Hey folks,
I’m rather new to CUDA so as expected I’m running in to a few problems (hopefully minor).
I have a kernel which simply does a set amount of floating point operations and records the min, max and mean GLFOPS of each kernel run. Here is what the kernel was originally:
template <int REP>
__global__ void mykernel(float * __restrict__ a, int reps) {
int idx = blockIdx.x*blockDim.x + threadIdx.x;
float r = a[idx];
#pragma unroll
for (int n=0;n<REP;n++) {
r = 0.0001f+r*1.00002f; // nb. the "f"s are very important!
}
a[idx] = r; // copy result from local to global memory
}
With this we got some pretty nice results (using Nvidia GTX 480 cards).
With ~7680 threads, a kernel doing 5000 FLOPS/thread gave us an average of about 1050 GLFOPS.
However the problem is, when we tried different memory layout patterns, the performance degraded vastly.
Here is an example of a new kernel we tried:
template <int REP>
__global__ void mykernel(float * __restrict__ a, int reps) {
int idx = blockIdx.x*blockDim.x + threadIdx.x;
float r = a[idx]; // copy data from global to local memory (ie. to a register)
float s = a[N+idx];
float t = a[(2*N)+idx];
#pragma unroll
for (int n=0;n<REP;n++) {
r = 0.0001f+r*1.00002f; // nb. the "f"s are very important!
s = 0.0001f+s*1.00002f;
t = 0.0001f+t*1.00002f;
}
a[idx] = r; // copy result from local to global memory
a[N+idx] = s;
a[(2*N)+idx] = t;
}
It’s basically the same kernel but now operating on 3 floats instead of 1.
The calculations my supervisor made showed that this new kernel was operating with a bandwidth of around 2.4 to 2.6 GB/s (don’t worry, he gave the ok to put this stuff on this forum and I may have worded some stuff incorrectly but oh well!).

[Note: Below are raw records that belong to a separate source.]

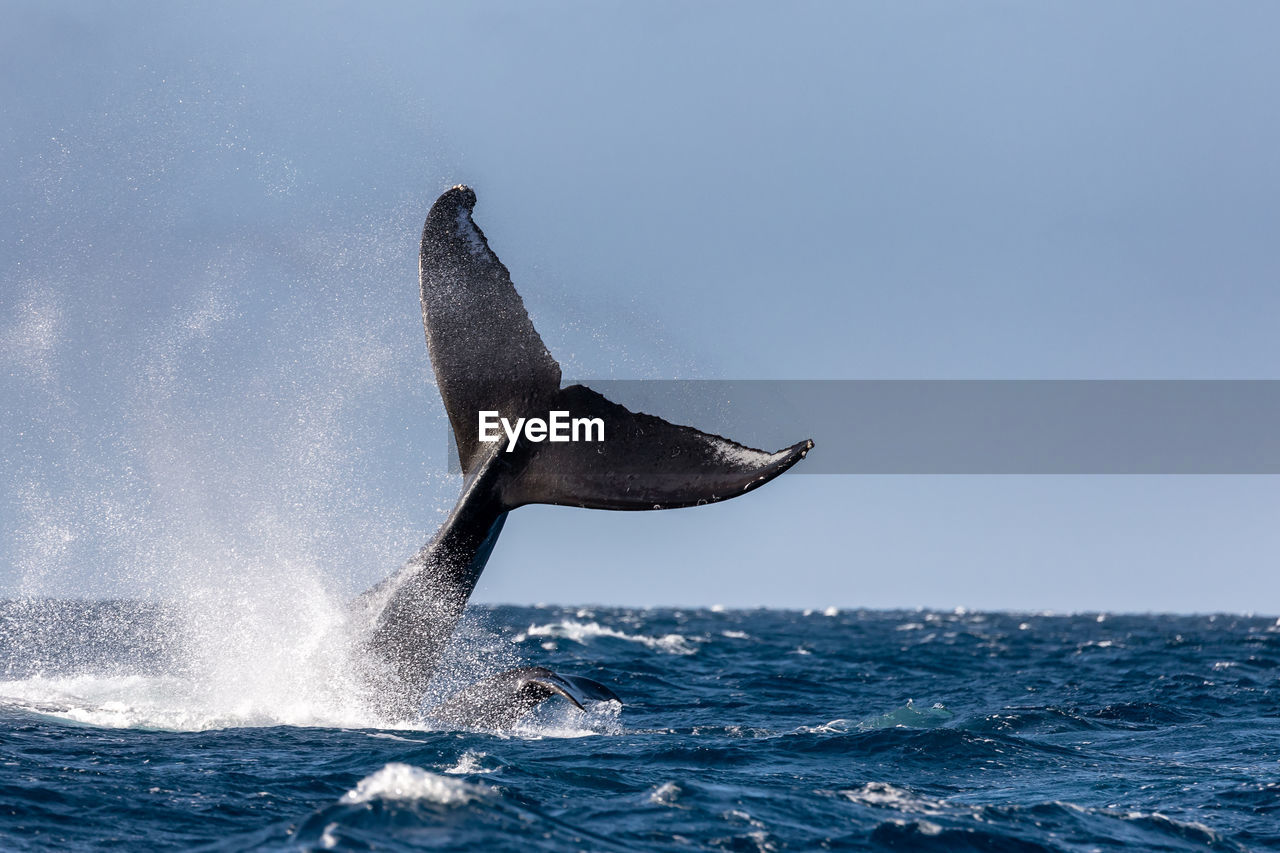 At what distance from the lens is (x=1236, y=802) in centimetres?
1079

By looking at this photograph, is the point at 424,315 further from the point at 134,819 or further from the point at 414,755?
the point at 134,819

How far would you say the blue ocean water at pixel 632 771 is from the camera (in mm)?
8438

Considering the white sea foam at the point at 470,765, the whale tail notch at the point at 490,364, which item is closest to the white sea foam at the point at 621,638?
the white sea foam at the point at 470,765

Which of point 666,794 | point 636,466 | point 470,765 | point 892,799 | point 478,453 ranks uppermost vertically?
point 478,453

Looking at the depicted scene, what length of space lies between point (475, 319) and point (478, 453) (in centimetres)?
119

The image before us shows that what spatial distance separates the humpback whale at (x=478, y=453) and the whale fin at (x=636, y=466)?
0.02 metres

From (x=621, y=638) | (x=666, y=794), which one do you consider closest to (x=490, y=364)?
(x=666, y=794)

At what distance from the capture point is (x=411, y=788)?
8516 mm

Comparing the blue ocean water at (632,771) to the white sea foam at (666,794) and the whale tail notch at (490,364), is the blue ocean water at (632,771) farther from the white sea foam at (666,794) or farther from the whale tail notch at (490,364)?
the whale tail notch at (490,364)

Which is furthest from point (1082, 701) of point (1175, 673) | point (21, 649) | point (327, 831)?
point (21, 649)

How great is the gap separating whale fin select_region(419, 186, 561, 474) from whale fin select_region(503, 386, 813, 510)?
47 centimetres

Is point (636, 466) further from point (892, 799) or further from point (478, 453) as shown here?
point (892, 799)

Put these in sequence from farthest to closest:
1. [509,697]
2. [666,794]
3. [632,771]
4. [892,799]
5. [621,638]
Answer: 1. [621,638]
2. [509,697]
3. [632,771]
4. [892,799]
5. [666,794]

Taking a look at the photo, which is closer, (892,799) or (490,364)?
(892,799) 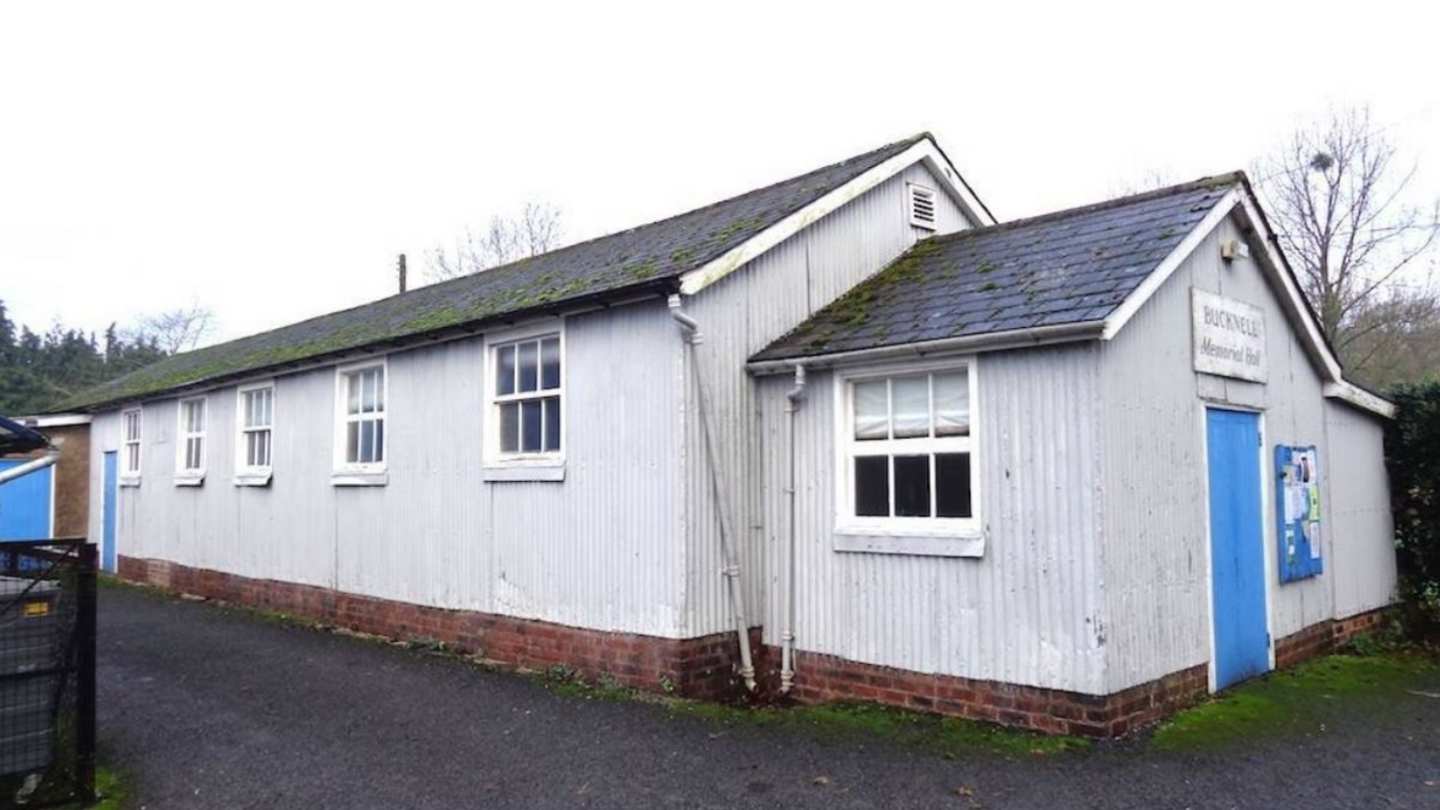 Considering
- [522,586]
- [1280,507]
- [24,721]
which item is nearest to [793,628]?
[522,586]

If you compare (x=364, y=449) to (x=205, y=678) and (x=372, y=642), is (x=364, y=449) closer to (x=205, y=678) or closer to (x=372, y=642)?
(x=372, y=642)

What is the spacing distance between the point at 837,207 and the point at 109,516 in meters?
16.5

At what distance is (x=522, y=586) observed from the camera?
948 cm

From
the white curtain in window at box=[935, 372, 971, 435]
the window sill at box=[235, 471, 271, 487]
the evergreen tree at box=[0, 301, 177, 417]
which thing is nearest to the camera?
the white curtain in window at box=[935, 372, 971, 435]

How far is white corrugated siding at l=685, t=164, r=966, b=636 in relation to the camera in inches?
321

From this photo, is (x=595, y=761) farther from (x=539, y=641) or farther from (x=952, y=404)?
(x=952, y=404)

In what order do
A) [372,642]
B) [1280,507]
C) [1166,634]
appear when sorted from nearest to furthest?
[1166,634], [1280,507], [372,642]

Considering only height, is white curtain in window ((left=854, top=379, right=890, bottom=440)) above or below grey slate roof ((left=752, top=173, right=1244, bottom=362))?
below

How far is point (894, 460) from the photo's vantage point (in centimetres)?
774

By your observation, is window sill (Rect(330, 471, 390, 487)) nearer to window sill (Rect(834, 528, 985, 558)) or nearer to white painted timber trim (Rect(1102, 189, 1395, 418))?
window sill (Rect(834, 528, 985, 558))

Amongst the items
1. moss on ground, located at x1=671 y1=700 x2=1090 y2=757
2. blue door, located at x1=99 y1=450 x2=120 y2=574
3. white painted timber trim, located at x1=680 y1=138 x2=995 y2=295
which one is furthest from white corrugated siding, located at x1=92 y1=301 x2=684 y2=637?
blue door, located at x1=99 y1=450 x2=120 y2=574

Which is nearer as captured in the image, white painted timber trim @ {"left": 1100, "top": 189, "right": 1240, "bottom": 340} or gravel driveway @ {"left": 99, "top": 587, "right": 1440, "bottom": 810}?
gravel driveway @ {"left": 99, "top": 587, "right": 1440, "bottom": 810}

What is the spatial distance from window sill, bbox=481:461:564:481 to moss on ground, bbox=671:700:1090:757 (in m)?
2.54

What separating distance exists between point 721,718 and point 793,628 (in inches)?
44.0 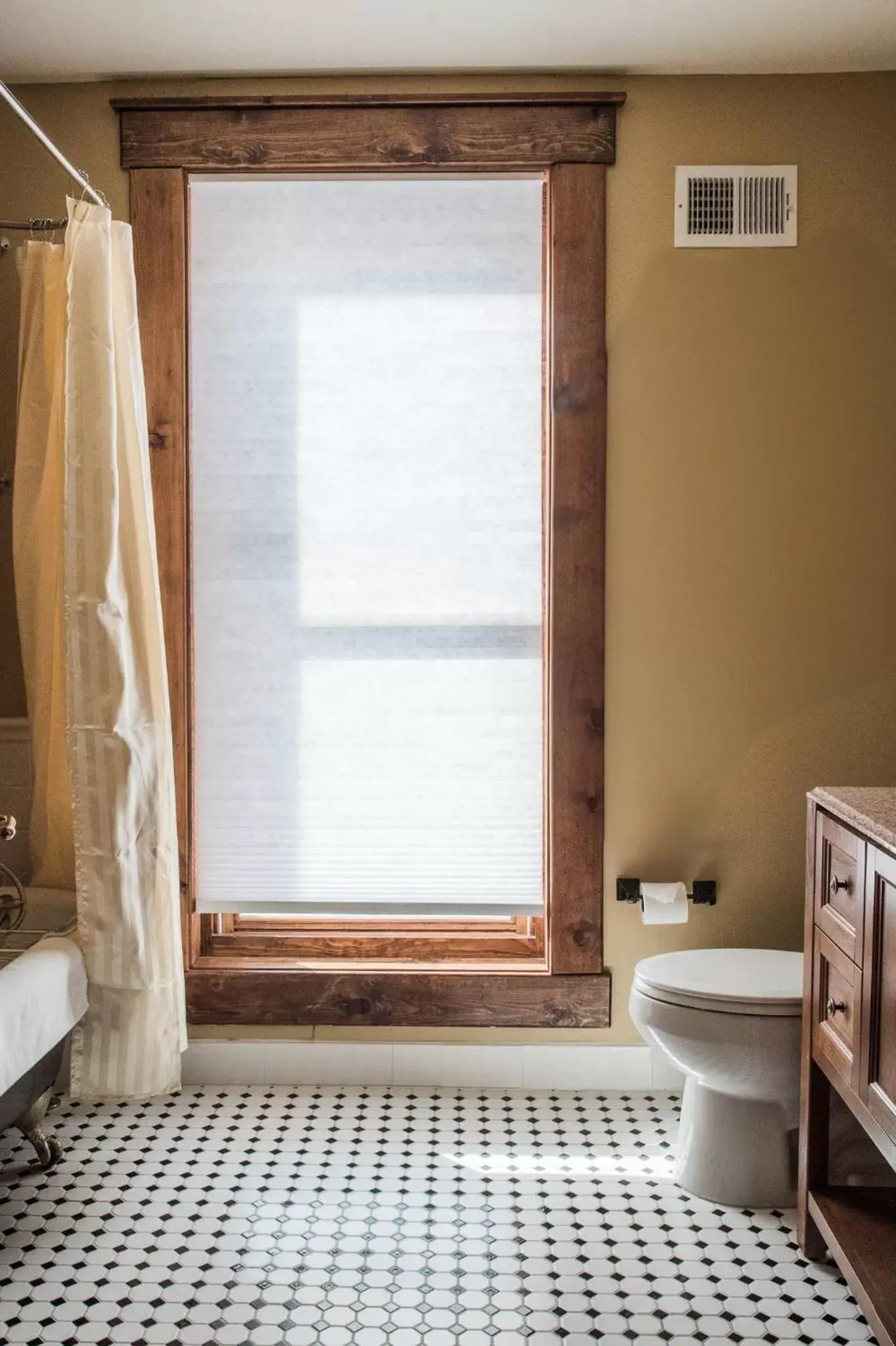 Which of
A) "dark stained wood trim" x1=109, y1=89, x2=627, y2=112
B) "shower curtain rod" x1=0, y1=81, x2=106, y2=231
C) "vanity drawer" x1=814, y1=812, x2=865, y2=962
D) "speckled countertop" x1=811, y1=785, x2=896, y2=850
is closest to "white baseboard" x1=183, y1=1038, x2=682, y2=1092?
"vanity drawer" x1=814, y1=812, x2=865, y2=962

We’re both stumped as to why the performance has degraded so much, this 2.6GB/s is nowhere near the theoretical limit of ~177GB/s. That’s not to say we’re expecting to be near 177GB/s but we certainly weren’t expecting something as low as this.
So I guess my question is, any ideas on why this is happening?
The alternative kernel also produces bizarre results, as you can see from this chart:
The new kernel also behaves pretty strangely at ~220 FLOPs/thread
(vertical axis represents GFLOPS and horizontal axis represents FLOPS/thread)
As with before, 7680 threads were ran.